De hecho esa parece ser la situación de Helward en cuanto comienza a comprender la naturaleza de su mundo. La ciudad de Tierra es una vasta construcción sobre ruedas que es remolcada al norte muy lentamente (un kilómetro y medio cada diez días), atravesando tierras baldías sobre unos raíles construidos laboriosamente para soportar su peso. La edad se mide en los kilómetros recorridos. Para combatir el descenso de la población, las mujeres nativas, procedentes de las empobrecidas aldeas ubicadas en el terreno desolado más allá de los nómadas muros de la ciudad, son reclutadas para dar a luz a nuevos ciudadanos. La tensión está en el aire; el camino al norte se traga los recursos de la ciudad. Y el punto del óptimo, que a su vez se desplaza al norte unos kilómetros por delante (¿o es que la Tierra misma se mueve al sur?), parece cada vez más difícil de alcanzar. Al salir al exterior Helward descubre que, al contrario de lo que ponía en sus libros de texto, el sol no es una esfera, sino un disco horizontal del que surge, aparentemente hasta el infinito, una intolerable cresta de luz que divide el cielo en dos. Tras jurar silencio respecto a la naturaleza de las cosas, Helward se encuentra con un conflicto profundo cuando la mujer con la que se ha casado, siguiendo los tradicionales dictados de sus padres, comienza a sonsacarle algunos pequeños secretos. Helward aún no conoce toda la verdad.

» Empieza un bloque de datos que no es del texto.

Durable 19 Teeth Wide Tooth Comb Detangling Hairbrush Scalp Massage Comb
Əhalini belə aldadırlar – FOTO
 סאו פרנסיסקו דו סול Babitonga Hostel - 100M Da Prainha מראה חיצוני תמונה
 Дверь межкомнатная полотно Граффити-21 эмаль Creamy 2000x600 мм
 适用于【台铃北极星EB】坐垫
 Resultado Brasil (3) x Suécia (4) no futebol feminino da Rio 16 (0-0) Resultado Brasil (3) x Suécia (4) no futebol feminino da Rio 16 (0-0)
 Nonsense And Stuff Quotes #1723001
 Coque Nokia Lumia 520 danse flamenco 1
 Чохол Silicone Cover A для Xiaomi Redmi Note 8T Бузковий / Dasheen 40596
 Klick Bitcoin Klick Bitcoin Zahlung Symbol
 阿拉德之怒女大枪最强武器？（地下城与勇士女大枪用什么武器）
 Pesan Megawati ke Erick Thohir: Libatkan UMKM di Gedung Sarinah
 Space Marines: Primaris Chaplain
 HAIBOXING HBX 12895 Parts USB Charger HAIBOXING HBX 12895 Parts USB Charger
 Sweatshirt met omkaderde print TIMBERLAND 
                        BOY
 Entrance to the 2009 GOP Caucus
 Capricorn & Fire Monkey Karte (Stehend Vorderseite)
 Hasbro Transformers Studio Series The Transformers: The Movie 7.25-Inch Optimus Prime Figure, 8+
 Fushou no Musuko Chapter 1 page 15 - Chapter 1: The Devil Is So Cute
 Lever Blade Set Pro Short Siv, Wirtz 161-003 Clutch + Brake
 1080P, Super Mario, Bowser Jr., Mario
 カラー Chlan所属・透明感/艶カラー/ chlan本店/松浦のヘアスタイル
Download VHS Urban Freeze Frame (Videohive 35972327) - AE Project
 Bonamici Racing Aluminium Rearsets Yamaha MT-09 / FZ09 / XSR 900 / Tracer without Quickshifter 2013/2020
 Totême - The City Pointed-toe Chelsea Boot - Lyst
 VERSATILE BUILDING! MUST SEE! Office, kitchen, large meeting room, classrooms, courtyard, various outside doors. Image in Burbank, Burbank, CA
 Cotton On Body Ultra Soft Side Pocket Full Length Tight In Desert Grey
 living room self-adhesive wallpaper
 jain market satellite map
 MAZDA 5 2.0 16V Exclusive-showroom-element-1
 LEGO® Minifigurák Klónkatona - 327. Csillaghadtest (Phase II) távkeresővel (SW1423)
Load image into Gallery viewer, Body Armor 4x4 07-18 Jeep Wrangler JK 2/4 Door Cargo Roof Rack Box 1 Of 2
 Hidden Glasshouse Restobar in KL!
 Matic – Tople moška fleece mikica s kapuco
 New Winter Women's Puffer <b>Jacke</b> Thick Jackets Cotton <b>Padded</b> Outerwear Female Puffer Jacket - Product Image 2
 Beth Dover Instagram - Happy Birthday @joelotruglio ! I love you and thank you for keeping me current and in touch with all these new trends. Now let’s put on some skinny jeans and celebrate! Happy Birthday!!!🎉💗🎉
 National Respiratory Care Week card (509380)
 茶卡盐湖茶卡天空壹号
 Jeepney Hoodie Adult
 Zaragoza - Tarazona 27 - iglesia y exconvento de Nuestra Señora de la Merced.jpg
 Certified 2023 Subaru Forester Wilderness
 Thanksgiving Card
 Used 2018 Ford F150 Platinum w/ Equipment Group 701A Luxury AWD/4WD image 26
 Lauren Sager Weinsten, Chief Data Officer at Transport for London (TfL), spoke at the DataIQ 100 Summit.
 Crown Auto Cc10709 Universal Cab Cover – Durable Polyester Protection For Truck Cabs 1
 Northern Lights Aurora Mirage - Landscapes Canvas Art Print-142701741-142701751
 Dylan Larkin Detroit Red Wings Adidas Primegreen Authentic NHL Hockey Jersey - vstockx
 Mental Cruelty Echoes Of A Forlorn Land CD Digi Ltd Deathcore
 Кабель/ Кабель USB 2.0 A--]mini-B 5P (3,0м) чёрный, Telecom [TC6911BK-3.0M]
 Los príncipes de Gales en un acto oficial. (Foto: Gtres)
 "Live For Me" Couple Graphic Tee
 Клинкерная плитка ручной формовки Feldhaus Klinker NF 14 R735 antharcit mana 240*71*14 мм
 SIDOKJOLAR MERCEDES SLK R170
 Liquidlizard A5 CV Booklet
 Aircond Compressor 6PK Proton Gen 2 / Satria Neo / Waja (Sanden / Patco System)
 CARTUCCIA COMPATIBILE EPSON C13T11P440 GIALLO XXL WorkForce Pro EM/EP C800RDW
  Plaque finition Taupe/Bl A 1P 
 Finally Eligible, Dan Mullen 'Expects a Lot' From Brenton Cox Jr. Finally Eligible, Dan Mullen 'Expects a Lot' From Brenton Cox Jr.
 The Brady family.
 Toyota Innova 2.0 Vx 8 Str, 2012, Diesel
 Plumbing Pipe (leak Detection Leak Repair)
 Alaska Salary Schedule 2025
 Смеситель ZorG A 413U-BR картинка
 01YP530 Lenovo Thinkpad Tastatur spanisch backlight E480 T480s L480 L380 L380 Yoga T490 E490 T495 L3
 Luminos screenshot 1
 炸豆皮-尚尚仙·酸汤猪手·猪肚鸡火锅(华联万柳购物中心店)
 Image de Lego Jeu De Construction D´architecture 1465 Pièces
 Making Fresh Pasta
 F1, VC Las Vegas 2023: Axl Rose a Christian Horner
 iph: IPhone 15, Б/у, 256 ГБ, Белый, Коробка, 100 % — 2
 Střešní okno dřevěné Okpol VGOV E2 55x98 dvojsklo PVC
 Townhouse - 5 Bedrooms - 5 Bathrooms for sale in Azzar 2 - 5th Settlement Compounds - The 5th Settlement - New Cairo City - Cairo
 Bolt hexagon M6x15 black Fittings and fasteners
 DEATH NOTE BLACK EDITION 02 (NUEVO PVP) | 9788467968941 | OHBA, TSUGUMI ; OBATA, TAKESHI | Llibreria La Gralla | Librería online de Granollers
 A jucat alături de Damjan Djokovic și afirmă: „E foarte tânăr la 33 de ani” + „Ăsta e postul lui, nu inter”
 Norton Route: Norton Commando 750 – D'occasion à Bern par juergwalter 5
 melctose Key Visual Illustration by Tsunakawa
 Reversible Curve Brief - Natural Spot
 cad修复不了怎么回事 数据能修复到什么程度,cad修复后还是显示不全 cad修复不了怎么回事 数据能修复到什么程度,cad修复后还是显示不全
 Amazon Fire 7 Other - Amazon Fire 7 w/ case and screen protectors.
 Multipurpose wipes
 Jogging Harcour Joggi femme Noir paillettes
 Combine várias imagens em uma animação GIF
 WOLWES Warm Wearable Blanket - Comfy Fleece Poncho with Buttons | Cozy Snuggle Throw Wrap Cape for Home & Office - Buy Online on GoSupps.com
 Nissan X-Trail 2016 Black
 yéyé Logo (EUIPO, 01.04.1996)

La segunda parte de la novela se cuenta en tercera persona. Helward es enviado al sur para acompañar a unas mujeres locales de vuelta a sus aldeas. A medida que se adentran en esa dirección va descubriendo en ellas sucesivos cambios fisiológicos. Sus cuerpos se van tornando más achaparrados y anchos. Pronto se asemejan a peces abisales y se aplanan de tal manera que deja de percibirlas. Es arrastrado al sur por lo que parece una combinación entre una gravedad horizontal y un fuerte viento. El mundo mismo se aplasta de manera interminable. Las montañas copadas de nieve se convierten en lomas poco elevadas a las que se agarra para no ser impelido hacia la infinitud de las tierras planas. Se arrastra como puede de vuelta a casa. Para él solo han transcurrido unos pocos días, en la ciudad han pasado dos años. Su mujer ha parido un hijo que ha muerto antes de que pudiera conocerlo y le ha dejado por otro hombre.
El viaje al sur se narra con una destacable gravedad en la dicción. Suena igual a todos los viajes iniciáticos de los héroes y no nos sorprende que cuando Helward mira al norte vea el mundo «en toda su plenitud»:
«Al norte de su posición el terreno era llano, plano como la superficie de una mesa. No obstante, en el centro, al norte, el terreno se elevaba de manera perfectamente simétrica, alzándose y curvándose en una cóncava espiral. Se estrechaba y estrechaba, subiendo, adelgazando, elevándose tanto que era imposible ver dónde terminaba.»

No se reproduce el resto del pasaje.